[The data Boundary: Start]

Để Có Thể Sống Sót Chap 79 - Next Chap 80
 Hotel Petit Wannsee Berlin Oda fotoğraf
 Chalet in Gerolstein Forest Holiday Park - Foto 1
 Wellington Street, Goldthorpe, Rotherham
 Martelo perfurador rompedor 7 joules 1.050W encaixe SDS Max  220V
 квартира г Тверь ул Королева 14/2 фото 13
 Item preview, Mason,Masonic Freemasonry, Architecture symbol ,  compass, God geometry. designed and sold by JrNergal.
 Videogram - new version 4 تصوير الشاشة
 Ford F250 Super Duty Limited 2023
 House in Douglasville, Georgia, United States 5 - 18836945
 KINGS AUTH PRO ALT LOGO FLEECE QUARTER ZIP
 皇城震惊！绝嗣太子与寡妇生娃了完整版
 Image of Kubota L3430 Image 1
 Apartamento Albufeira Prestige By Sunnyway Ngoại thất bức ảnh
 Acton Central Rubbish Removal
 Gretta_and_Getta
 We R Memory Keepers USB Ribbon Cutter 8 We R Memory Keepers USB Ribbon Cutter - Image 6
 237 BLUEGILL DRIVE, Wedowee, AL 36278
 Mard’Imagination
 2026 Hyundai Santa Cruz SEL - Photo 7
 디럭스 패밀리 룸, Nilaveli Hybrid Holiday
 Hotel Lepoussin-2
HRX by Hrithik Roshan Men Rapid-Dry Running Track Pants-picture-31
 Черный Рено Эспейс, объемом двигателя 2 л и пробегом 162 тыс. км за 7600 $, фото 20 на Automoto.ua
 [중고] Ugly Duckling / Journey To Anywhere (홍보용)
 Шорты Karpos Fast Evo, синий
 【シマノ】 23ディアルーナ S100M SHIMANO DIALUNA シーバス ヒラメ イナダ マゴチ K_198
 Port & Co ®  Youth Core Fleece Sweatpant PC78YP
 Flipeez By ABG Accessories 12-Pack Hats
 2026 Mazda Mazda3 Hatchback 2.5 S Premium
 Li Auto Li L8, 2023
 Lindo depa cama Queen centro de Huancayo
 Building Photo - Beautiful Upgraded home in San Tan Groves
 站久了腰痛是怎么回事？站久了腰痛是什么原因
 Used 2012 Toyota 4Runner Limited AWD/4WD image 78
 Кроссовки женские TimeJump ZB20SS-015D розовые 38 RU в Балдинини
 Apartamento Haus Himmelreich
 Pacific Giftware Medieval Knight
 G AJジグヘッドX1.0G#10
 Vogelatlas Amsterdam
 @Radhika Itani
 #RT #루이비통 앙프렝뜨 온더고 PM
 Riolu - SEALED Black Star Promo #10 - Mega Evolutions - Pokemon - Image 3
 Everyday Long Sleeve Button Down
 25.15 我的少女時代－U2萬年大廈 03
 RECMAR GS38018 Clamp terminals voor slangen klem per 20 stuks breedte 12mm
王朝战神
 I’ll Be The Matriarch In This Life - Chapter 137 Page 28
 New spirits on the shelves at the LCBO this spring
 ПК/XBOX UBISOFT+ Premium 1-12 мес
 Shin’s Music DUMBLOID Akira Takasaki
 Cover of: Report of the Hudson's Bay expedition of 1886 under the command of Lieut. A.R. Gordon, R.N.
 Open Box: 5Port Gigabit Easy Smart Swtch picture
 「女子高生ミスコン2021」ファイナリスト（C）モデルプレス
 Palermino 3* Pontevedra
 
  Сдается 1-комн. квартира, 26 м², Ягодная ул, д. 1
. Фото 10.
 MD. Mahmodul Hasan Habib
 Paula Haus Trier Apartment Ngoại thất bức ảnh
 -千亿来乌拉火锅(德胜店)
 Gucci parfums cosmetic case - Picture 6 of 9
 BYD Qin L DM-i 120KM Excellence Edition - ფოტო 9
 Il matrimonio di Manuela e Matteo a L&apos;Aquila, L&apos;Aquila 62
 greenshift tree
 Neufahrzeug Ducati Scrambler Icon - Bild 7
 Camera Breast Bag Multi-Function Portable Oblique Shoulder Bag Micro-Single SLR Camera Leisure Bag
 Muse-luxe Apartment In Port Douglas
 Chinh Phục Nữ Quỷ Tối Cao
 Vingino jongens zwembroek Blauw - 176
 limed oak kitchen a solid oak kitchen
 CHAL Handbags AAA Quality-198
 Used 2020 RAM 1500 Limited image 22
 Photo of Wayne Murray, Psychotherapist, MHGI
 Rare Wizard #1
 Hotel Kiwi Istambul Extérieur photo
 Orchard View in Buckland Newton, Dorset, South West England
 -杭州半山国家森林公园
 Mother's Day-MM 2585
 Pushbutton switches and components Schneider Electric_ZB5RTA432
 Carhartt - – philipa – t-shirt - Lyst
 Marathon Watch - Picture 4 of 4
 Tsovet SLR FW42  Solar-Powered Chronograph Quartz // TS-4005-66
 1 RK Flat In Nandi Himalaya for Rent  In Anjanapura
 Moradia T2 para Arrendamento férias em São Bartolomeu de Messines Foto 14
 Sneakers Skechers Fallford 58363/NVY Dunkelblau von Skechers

[The data Boundary: End]

Instructions for the task: All that is wanted is the stretch of lines above from the one containing "Used 2020 RAM 1500 Limited image 22" through the one containing "Carhartt - – philipa – t-shirt - Lyst", duplicated exactly.

Completed task:
 Used 2020 RAM 1500 Limited image 22
 Photo of Wayne Murray, Psychotherapist, MHGI
 Rare Wizard #1
 Hotel Kiwi Istambul Extérieur photo
 Orchard View in Buckland Newton, Dorset, South West England
 -杭州半山国家森林公园
 Mother's Day-MM 2585
 Pushbutton switches and components Schneider Electric_ZB5RTA432
 Carhartt - – philipa – t-shirt - Lyst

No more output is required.